Мы можем двигаться только через наши завесы. Нас трогают через наши маски-завесы.
56
Суть прикосновения можно лучше понять по тому, как бесконечные игроки понимают такие сущности, как исцеление и половое различие (также: сексуальность, влечение).
Когда к вам прикасаются, человек действует изнутри, поэтому и вы отвечаете всем своим нутром. Ваша полнота как человека – это целостность, или ваше здоровье (в английском языке слово здоровье «health» и здоровый «healthy» происходит от слова «hale» или «whole» целый).
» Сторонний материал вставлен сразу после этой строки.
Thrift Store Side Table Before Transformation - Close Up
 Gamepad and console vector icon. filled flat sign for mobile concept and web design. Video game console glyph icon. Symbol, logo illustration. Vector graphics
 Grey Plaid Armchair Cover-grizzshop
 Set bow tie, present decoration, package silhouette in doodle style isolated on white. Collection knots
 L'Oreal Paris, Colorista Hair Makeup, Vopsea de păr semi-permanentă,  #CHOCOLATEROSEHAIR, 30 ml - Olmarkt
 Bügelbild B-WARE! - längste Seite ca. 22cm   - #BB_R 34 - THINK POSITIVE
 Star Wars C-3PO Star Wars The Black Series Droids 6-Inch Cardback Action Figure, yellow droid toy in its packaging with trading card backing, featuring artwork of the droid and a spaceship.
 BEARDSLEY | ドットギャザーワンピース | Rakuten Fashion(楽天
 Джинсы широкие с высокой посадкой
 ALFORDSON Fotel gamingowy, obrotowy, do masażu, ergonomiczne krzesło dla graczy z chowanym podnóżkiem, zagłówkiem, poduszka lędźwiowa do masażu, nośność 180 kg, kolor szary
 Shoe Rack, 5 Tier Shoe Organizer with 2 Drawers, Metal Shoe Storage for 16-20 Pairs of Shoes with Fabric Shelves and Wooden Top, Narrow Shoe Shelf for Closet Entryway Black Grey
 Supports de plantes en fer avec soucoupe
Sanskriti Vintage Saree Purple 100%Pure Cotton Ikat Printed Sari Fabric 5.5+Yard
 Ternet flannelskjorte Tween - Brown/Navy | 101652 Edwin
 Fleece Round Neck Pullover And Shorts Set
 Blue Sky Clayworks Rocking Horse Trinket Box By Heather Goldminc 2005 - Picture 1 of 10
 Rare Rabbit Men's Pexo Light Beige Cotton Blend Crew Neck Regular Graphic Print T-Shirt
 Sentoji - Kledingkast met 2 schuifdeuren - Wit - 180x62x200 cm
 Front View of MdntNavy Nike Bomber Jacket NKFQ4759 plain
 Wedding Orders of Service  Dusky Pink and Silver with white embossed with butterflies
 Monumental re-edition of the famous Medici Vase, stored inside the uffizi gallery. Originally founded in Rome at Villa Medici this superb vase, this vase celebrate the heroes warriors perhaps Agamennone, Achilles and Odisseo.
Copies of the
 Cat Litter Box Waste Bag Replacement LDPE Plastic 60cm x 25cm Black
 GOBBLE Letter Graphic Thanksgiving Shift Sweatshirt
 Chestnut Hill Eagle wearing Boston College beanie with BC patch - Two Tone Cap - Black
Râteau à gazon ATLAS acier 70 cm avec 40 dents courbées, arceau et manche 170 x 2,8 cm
Иными словами, прикасающийся всегда лечится или даже вылечивается, выздоравливает.
Конечного игрока может не интересовать факт возможности излечения, приведения себя в целостность, он заботится о своем исцелении, приведении в действие. Лечение позволяет мне играть, исцеление восстанавливает меня как соперника в одной или нескольких играх.
Исцеляющие врачи должны абстрагировать людей и видеть в них функции. Они лечат болезнь, не человека. И люди умышленно представляют себя как функции. Лечащие практики принимают значительные масштабы и стоят приличных сумм, потому что раскрывают людей как функции или, скорее, их набор. Быть больным – быть неспособным выполнять функции, что, в свою очередь, значит не быть готовым конкурировать в предпочитаемых играх. Это вид смерти, невозможность заслуживать статусы. Болезнь делает нас невидимыми, у нее всегда привкус смерти: либо она приводит к реальной смерти, либо смерти игрока как соперника. Опасность болезни равна опасности проигрыша.